Texas Lawmakers, Advocates Seek Solution to Human Trafficking
AUSTIN, Texas -- In a disturbing trend, Texas has the highest number of human trafficking victims in the nation.
Wednesday, lawmakers and advocates gathered to find ways to get rid of the problem.
"What we need to put as our goal today and this legislative session is to do a Texas law that the rest of the states can adopt. So we can eradicate this out of this entire country," said State Rep. Todd Hunter.
Lawmakers on both sides of the aisle said they are committed to the fight.
"Sex trafficking still remains one of the fastest growing businesses of organized crime. I just hate that we have not been able to do move faster, but we are catching up," said state Rep. Senfronia Thompson.
According to the University of Texas, there are 313,000 human trafficking victims in the state; 79,000 of them are children.

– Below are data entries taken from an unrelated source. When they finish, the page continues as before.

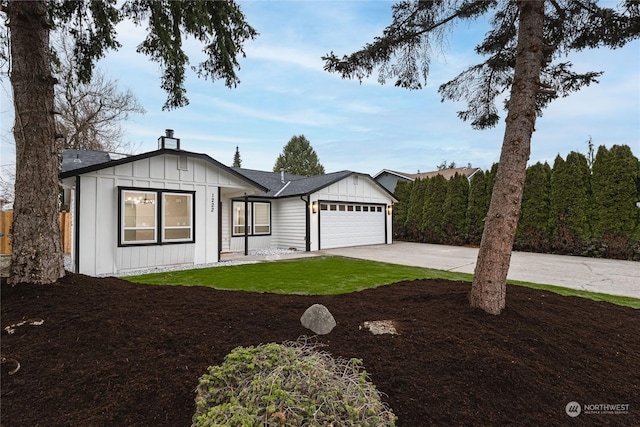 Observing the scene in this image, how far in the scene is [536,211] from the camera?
11391mm

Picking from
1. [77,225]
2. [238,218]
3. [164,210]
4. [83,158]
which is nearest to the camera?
[77,225]

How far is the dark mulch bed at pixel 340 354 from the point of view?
1704mm

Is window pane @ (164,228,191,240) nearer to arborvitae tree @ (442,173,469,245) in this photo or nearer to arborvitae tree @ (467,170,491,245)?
arborvitae tree @ (442,173,469,245)

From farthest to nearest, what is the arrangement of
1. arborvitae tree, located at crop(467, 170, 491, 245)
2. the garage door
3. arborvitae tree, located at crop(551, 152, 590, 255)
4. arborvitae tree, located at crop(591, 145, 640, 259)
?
1. arborvitae tree, located at crop(467, 170, 491, 245)
2. the garage door
3. arborvitae tree, located at crop(551, 152, 590, 255)
4. arborvitae tree, located at crop(591, 145, 640, 259)

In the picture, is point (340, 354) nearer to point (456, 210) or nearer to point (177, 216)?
point (177, 216)

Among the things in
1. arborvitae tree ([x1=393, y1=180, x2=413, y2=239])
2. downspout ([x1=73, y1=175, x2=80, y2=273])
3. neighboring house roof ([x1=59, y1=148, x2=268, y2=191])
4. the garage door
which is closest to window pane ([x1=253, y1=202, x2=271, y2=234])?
the garage door

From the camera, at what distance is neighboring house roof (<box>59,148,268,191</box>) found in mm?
6591

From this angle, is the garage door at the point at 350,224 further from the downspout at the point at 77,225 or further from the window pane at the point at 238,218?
the downspout at the point at 77,225

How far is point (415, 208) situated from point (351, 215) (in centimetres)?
418

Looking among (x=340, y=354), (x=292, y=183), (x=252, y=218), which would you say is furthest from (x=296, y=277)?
(x=292, y=183)

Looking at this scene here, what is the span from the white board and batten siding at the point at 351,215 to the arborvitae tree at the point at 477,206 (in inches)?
144

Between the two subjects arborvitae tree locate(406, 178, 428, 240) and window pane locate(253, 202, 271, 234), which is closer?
window pane locate(253, 202, 271, 234)

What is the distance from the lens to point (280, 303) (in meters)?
3.70

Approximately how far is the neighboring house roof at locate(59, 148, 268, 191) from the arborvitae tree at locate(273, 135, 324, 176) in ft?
90.9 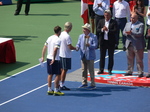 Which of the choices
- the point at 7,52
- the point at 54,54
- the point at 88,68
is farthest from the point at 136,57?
the point at 7,52

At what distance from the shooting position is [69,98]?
14.0 meters

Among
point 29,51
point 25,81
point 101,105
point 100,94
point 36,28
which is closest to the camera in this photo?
point 101,105

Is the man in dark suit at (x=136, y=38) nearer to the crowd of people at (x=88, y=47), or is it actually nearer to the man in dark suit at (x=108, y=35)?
the crowd of people at (x=88, y=47)

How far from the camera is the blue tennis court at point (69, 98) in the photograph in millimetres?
13078

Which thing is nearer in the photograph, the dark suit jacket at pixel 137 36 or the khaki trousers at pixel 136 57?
the dark suit jacket at pixel 137 36

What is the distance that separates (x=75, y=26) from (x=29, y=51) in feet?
16.6

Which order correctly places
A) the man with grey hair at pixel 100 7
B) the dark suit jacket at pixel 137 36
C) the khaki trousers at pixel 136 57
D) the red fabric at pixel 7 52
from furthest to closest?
the man with grey hair at pixel 100 7, the red fabric at pixel 7 52, the khaki trousers at pixel 136 57, the dark suit jacket at pixel 137 36

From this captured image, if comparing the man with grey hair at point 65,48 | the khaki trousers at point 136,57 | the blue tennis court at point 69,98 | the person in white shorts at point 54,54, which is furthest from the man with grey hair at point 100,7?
the person in white shorts at point 54,54

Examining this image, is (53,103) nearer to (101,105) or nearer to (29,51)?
(101,105)

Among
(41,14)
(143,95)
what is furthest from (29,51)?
(41,14)

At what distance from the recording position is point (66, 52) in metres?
14.5

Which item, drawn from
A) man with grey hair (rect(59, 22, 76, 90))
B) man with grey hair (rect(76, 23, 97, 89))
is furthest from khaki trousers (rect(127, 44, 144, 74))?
man with grey hair (rect(59, 22, 76, 90))

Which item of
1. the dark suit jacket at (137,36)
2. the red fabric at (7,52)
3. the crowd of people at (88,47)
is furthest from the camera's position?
the red fabric at (7,52)

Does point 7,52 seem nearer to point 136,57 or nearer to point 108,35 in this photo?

State Sen. Sylvia Garcia has introduced a bill that would train truckers to detect trafficking.
"So imagine 200,000 truck drivers, their eyes and ears open, ready to report, identify and assist law enforcement on this issue," she said.
Advocates also wanted a bill that focuses on helping the victims.
"We need to spend more money on the treatment and we need to make sure that a lot of these victims don't end up in the sex industry later on," said Bob Sanborn, Children at Risk CEO.
Sanborn said the state doesn't have enough resources, and victims often end up in prison.
"They do not need to be there. Most of them are victims. Most of them were forced into prostitution and I've interviewed them and they don't want that lifestyle," said State Sen. John Whitmire.
In a packed legislative session, the hope was bipartisan support will lead to real progress. Interstate-10, which runs from El Paso to Houston, has been identified as one of the primary corridors for human trafficking.
Houston law enforcement agencies cracked down on trafficking leading up to the Super Bowl.